(Brief descriptive captions)
----------

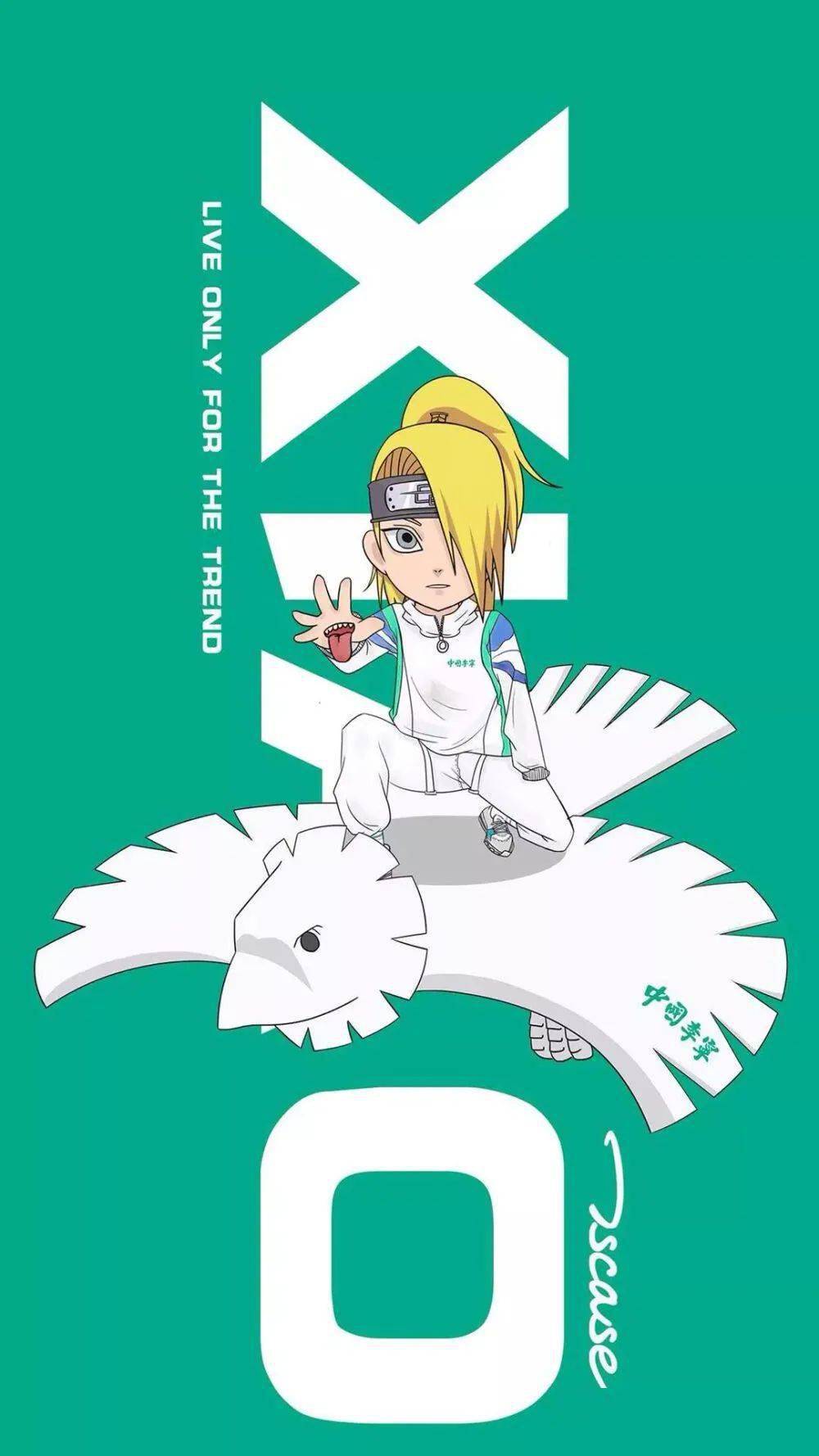 手机壁纸火影晓组织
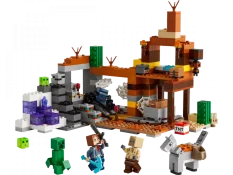 LEGO® Minecraft® 21263 De woestenijmijnschacht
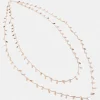 Sussan Layered Teardrop Necklace-Women Jewellery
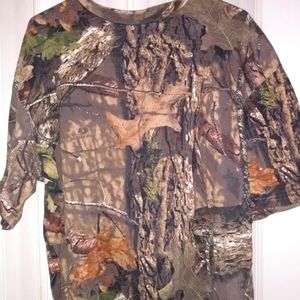 Mossy Oak Camo Tshirt
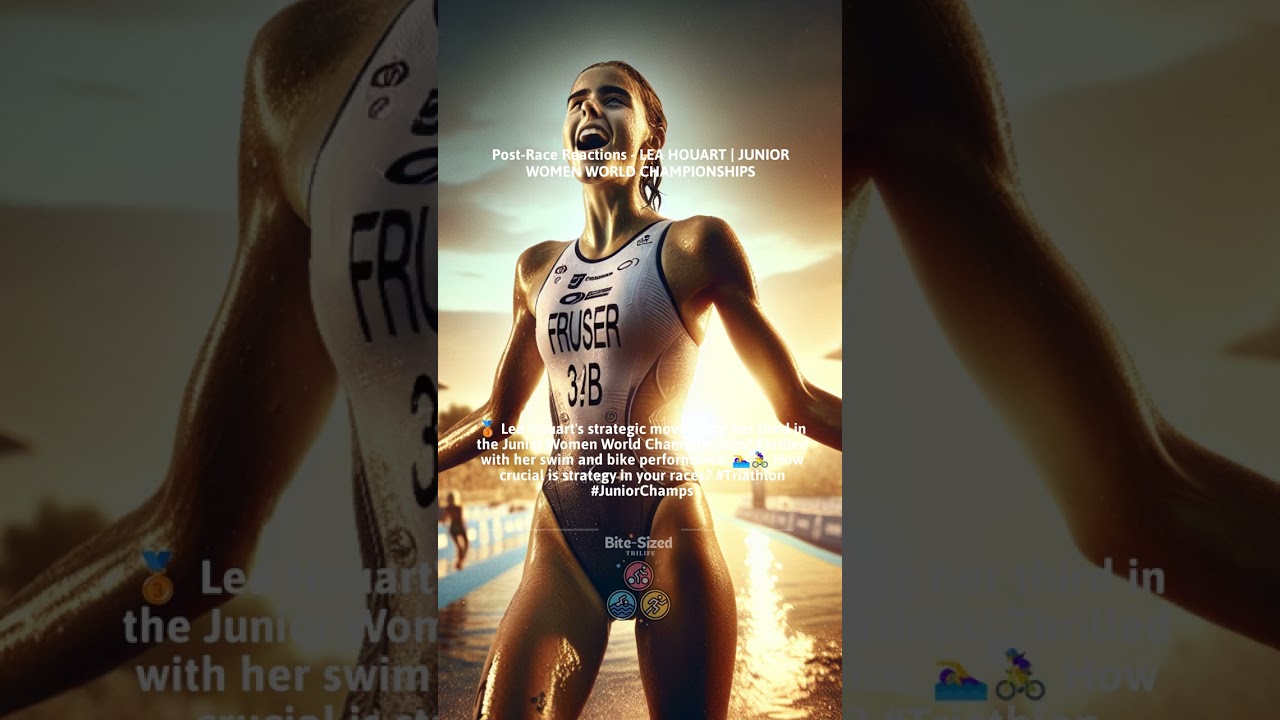 Post-Race Reactions - LEA HOUART | JUNIOR WOMEN WORLD CHAMPIONSHIPS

----------

Skip the images and set down the rest of the data unchanged.

Answer box:
 手机壁纸火影晓组织
 LEGO® Minecraft® 21263 De woestenijmijnschacht
 Sussan Layered Teardrop Necklace-Women Jewellery
 Mossy Oak Camo Tshirt
 Post-Race Reactions - LEA HOUART | JUNIOR WOMEN WORLD CHAMPIONSHIPS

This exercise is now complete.